Now, my issue with your problem is that you are not giving us the actual magnetic field (or the vector potential). Without that the problem is ill stated and nothing can be done about it. It is an static, uniform Magnetic field?

That's all the information provided, however the professor has since posted additional notes:

##\vec A = \left( \frac {By} 2 ; \frac {-Bx} 2 ; 0 \right)##
##H = H_{2d} + H_z##, the writing isn't entirely clear so I'm unsure if the "2d" subscript is correct, however ##H_z = \frac {p_z^2} {2m} + \frac {kz^2} {2}## and ##H_{2d} = \frac {\hbar^2} {2m} \left[ \left( -i \frac {\partial} {\partial x} - \frac q {c\hbar} \frac {By} 2 \right)^2 + \left( -i \frac {\partial} {\partial y}+ \frac q {c\hbar} \frac {Bx} 2 \right)^2 \right] + \frac {k(x^2+y^2)} 2##.

From there I find ##H = \frac {\hbar^2} {2m} \left[ \left( -i \frac {\partial} {\partial x} - \frac q {c\hbar} \frac {By} 2 \right)^2 + \left( -i \frac {\partial} {\partial y}+ \frac q {c\hbar} \frac {Bx} 2 \right)^2 + \left( -i \frac {\partial} {\partial z} \right)^2 \right] + \frac {k(x^2+y^2+z^2)} 2##

The professor however finds some expression ## - \frac {\hbar^2} {2m} \frac {\partial^2} {\partial r^2} + \left[ \frac {\hbar^2} 2 \left( \frac {B^2} {4mc^2} + 1 \right) \left(x^2+y^2 \right) \right] + \frac {\hbar^2} {2m} \frac {qB} {c \hbar} \vec l_z## where ##\vec l_z = x \frac {\partial} {\partial y} - y \frac {\partial} {\partial x}## is the angular momentum along the z-axis.

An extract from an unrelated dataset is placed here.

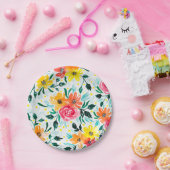 Kleurrijke zomer Bloemen Waterverf Patroon Papieren Bordje (Feest)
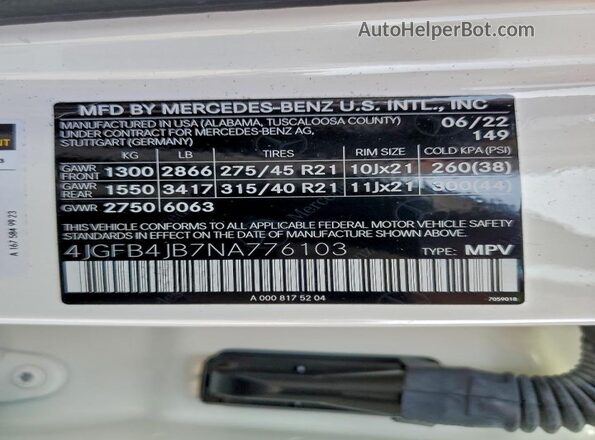 4JGFB4JB7NA776103 2022 MERCEDES-BENZ GLE White Widok naklejki z numerem VIN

We then look for wave functions ##\Psi = e^{i {\varphi} {l_z}} \varphi(r)## and ##l_z = 0, \pm 1, \pm 2## and ##\phi(r)## is the radial component.

I'm used to finding eigenenergies in matrix form using ##|\vec H - E \vec I| = 0##, however given a wave function could I still use ##H |\Psi \rangle = E |\Psi \rangle## and work through the partial derivatives of ##H \Psi## to solve for the eigenenergies E? How do I find the appropriate wave function to use then?
 
  • #4
andresB said:
First, ##U(r)## replaces the ##q\phi##.

Now, my issue with your problem is that you are not giving us the actual magnetic field (or the vector potential). Without that the problem is ill stated and nothing can be done about it. It is an static, uniform Magnetic field?
[itex] \vec{A} = \approx\frac{\vec{B}\times\vec{r}}{2} [/itex]
I can never remember what the sign is...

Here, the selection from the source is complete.